Reputation: 9389
Currently I have a hundreds of thousands of files like so:
{
"_id": "1234567890",
"type": "file",
"name": "Demo File",
"file_type": "application/pdf",
"size": "1400",
"timestamp": "1491421149",
"folder_id": "root"
}
Currently, I index all the names, and a client can search for files based on the name of the file. These files also have tags
that need to be associated with the file but they also have specific labels.
An example would be:
{
"tags": [
{ "client": "john doe" },
{ "office": "virginia" },
{ "ssn": "1234" }
]
}
Is adding the tags
array to my above file object the ideal solution if I want to be able to search thousands of files with a client of John Doe?
The only other solution I can think of is having something an object per tag and having an array of file ID's associated with each tag like so:
{
"_id": "11111111",
"type": "tag",
"label": "client",
"items": [
"1234567890",
"1222222222",
"1333333333"
]
}
With this being a LOT of objects I need to add tags to, I'd rather do it the most efficient way possible FIRST so I don't have to backtrack in the near future when I start running into issues.
Any guidance would be greatly appreciated.
Upvotes: 2
Views: 2315
Reputation: 3491
Your original design, with a tags array, works well with Cloudant Search: https://console.ng.bluemix.net/docs/services/Cloudant/api/search.html#search.
With this approach you would define a single design document that will index any tag in the tags array. You do not have to create different views for different tags and you can use the Lucene syntax for queries: http://lucene.apache.org/core/4_3_0/queryparser/org/apache/lucene/queryparser/classic/package-summary.html#Overview.
So, using your example, if you have a document that looks like this with tags:
{
"_id": "1234567890",
"type": "file",
"name": "Demo File",
"file_type": "application/pdf",
"size": "1400",
"timestamp": "1491421149",
"folder_id": "root",
"tags": [
{ "client": "john doe" },
{ "office": "virginia" },
{ "ssn": "1234" }
]
}
You can create a design document that indexes each tag like so:
{
"_id": "_design/searchFiles",
"views": {},
"language": "javascript",
"indexes": {
"byTag": {
"analyzer": "standard",
"index": "function (doc) {\n if (doc.type === \"file\" && doc.tags) {\n for (var i=0; i<doc.tags.length; i++) {\n for (var name in doc.tags[i]) {\n index(name, doc.tags[i][name]);\n }\n }\n }\n}"
}
}
}
The function looks like this:
function (doc) {
if (doc.type === "file" && doc.tags) {
for (var i=0; i<doc.tags.length; i++) {
for (var name in doc.tags[i]) {
index(name, doc.tags[i][name]);
}
}
}
}
Then you would search like this:
https://your_cloudant_account.cloudant.com/your_db/_design/searchFiles/_search/byTag
?q=client:jack+OR+office:virginia
&include_docs=true
Upvotes: 2
Reputation: 56
The solution, that comes into my mind would be using map reduce functions.
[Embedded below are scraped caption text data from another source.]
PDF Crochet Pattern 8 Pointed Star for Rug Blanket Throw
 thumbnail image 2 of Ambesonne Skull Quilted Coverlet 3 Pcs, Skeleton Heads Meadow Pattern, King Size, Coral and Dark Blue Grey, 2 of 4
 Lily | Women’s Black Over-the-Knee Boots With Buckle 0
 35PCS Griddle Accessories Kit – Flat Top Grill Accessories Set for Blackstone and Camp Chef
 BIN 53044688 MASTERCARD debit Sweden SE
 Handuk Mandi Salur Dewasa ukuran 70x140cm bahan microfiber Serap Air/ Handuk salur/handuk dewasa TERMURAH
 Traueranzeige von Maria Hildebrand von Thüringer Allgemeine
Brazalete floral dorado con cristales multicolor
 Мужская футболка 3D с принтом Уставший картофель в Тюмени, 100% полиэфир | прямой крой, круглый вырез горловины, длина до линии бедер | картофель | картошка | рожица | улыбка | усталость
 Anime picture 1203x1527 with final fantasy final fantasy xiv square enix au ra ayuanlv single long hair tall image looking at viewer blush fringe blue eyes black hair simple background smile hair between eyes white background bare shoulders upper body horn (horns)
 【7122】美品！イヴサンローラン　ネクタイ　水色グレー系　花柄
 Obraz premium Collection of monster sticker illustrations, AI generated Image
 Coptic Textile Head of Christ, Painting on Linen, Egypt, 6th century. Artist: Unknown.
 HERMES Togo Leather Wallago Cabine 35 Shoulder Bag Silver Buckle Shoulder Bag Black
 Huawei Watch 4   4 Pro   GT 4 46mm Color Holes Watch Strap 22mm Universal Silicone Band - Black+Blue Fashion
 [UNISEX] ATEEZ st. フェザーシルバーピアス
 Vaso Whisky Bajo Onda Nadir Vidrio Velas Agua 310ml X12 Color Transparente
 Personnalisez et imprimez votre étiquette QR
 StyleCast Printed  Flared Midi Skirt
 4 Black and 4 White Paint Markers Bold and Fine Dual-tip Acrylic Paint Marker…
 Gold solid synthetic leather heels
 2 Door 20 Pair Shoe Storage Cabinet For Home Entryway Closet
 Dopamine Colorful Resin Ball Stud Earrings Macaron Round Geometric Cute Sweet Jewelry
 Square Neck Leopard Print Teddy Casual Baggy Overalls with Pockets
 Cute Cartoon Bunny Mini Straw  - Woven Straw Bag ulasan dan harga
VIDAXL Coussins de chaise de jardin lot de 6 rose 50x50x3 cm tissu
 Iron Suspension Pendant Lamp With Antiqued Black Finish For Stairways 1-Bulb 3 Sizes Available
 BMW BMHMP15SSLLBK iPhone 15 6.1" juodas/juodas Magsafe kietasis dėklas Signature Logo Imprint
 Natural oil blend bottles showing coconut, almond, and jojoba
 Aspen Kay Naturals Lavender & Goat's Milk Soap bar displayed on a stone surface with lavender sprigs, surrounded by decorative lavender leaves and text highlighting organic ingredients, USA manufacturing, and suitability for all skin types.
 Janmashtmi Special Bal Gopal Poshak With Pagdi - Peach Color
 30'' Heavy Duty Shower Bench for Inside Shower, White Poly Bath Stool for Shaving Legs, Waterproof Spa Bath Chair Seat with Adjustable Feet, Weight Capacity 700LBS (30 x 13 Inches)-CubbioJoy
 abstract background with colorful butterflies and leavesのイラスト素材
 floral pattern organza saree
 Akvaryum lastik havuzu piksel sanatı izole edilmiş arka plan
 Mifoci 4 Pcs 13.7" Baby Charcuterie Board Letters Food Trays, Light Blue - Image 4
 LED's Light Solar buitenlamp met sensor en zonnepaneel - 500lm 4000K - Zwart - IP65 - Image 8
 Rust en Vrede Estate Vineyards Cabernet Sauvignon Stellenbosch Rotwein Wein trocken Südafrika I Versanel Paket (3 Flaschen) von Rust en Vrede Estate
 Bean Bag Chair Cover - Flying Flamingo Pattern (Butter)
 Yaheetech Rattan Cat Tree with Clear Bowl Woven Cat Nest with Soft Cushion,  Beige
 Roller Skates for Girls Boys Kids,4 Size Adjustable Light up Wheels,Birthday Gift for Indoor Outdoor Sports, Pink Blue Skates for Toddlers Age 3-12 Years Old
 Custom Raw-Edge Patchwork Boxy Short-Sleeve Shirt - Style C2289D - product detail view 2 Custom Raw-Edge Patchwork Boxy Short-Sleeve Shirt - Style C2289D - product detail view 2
To do that, you would add the tags to your original document:
{
"_id": "1234567890",
"type": "file",
"name": "Demo File",
"file_type": "application/pdf",
"size": "1400",
"timestamp": "1491421149",
"folder_id": "root",
"client": "john",
...
}
Afterwards, you can create a design document, that looks like this:
{
"_id": "_design/query",
"views": {
"byClient": {
"map": "function(doc) { if(doc.client) { emit(doc.client, doc._id) }}"
}
}
}
After the view is processed, you can open it with
GET /YOURDB/_design/query/_view/byClient?key="john"
By adding the query parameter include_docs=true
, the whole document will be returned, instead of the id.
You can also write your tags into an tags attribute, but you have to update the map function to match the new design.
More information about views can be found here: http://docs.couchdb.org/en/2.0.0/api/ddoc/views.html
Upvotes: 0